Die Augen verbunden. Gibt es denn etwas zu sehen? Etwas, was sich zu sehen lohnte?
Unter der Schädeldecke hat sich etwas gelockert, ist durchlässiger geworden für das Drinnen wie für das Draußen. Das eine federt das andere ab. Es ist gar nicht unangenehm. Es tut nicht weh. Es kann nicht wehtun. Der Schmerz darf dort nicht hin.

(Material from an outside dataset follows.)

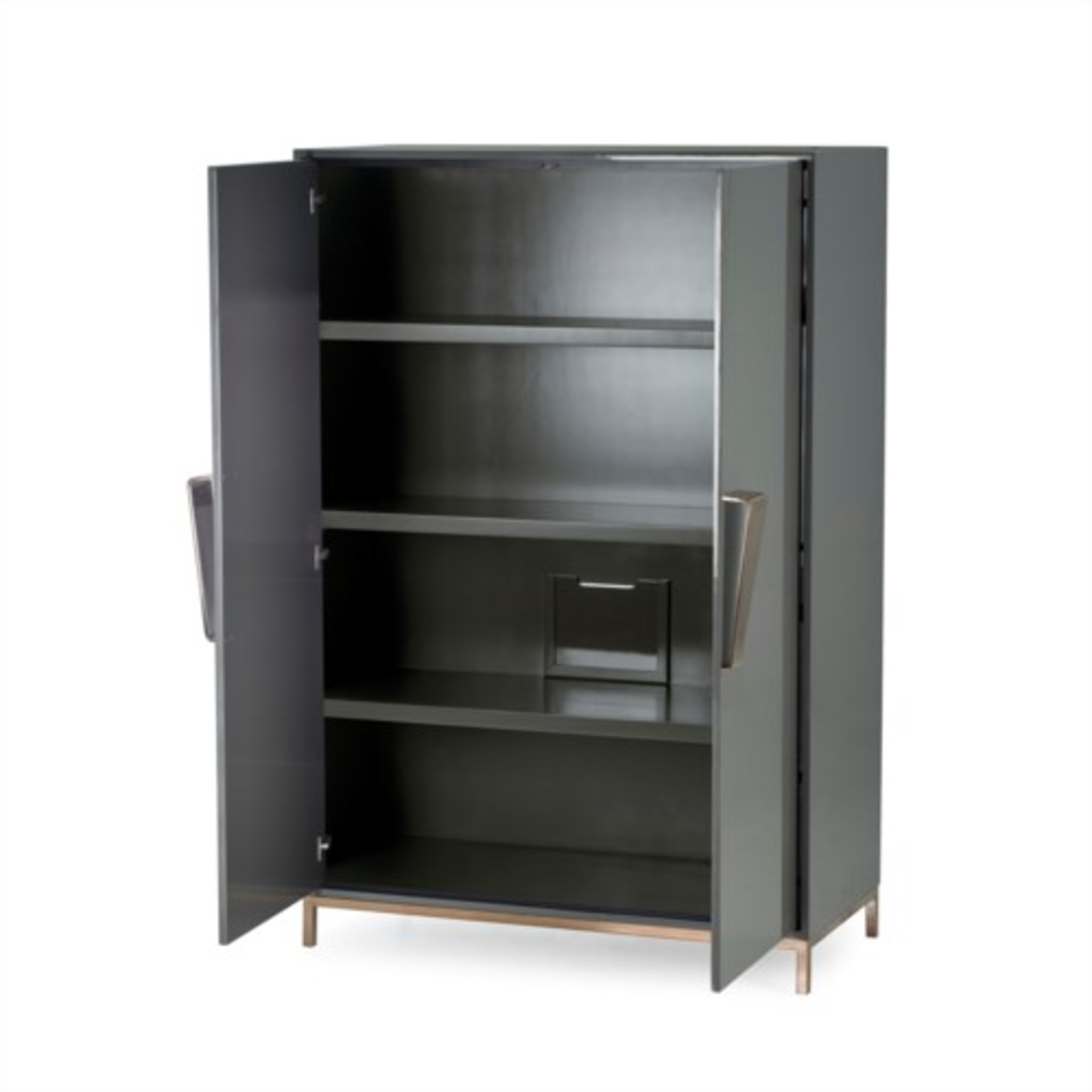 Shield Cabinet - Dark Grey Lacquer Armoire Storage - Image 3 of 3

Der Schmerz wütet anderswo. Wenn ich im Vorwärtsgang bin, vernehme ich ein entsetzliches Scheuern und Schleifen wie von einem Widerstand, höre ein abscheuliches Geräusch von Gelenken, die nicht mehr ineinandergreifen, wie sie sollten. Vielleicht ist es das Geräusch, das mir Schmerzen zufügt. Oder fliegen die Schmerzen von woanders her einfach hinein in mein Gehirn, das sich ja öffnet, weit und gastfreundlich öffnet zwischen Dach und Fundament.

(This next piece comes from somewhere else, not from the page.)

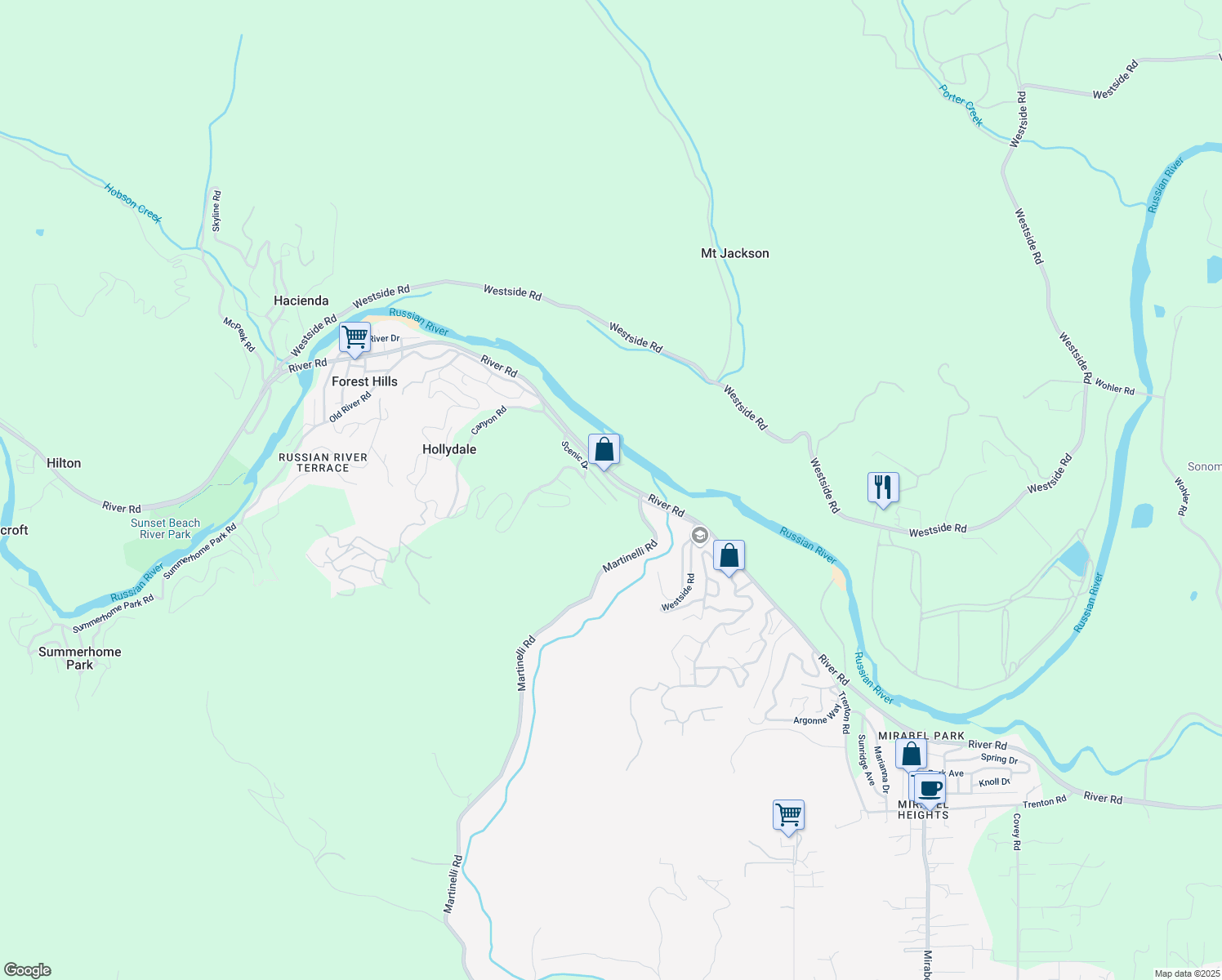 map of restaurants, bars, coffee shops, grocery stores, and more near 9771 River Road in Forestville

Wer die Welt zu sich hereinlässt, muss mit dem Schlimmsten rechnen. Nein, so meine ich es nicht. Denn ich weiß nicht, ob das Schlimme nicht vorher schon in mir war.
Aber es gibt Hände, die mich misshandeln, die meinen Kopf zusammendrücken wollen, von oben wie von unten. Wie in einem Schraubstock. Jedes Mal schreie ich. Jedes Mal lauter.
Sie sagen, ein Sattel wie ich kann überhaupt nicht schreien? Ja, Sie haben Recht. Manchmal fühle ich mich wie ein Sattel eines Fahrrads, auf den sich Fettwänste setzen. Sind sie abgestiegen, kacken Vögel auf mich. Dann wünsche ich mir gestohlen zu werden. Wenn die Schmerzen unerträglich laut werden, hätte ich nichts dagegen, dass mich jemand wegwirft, am besten in den Fluss, dass ich sofort unterginge.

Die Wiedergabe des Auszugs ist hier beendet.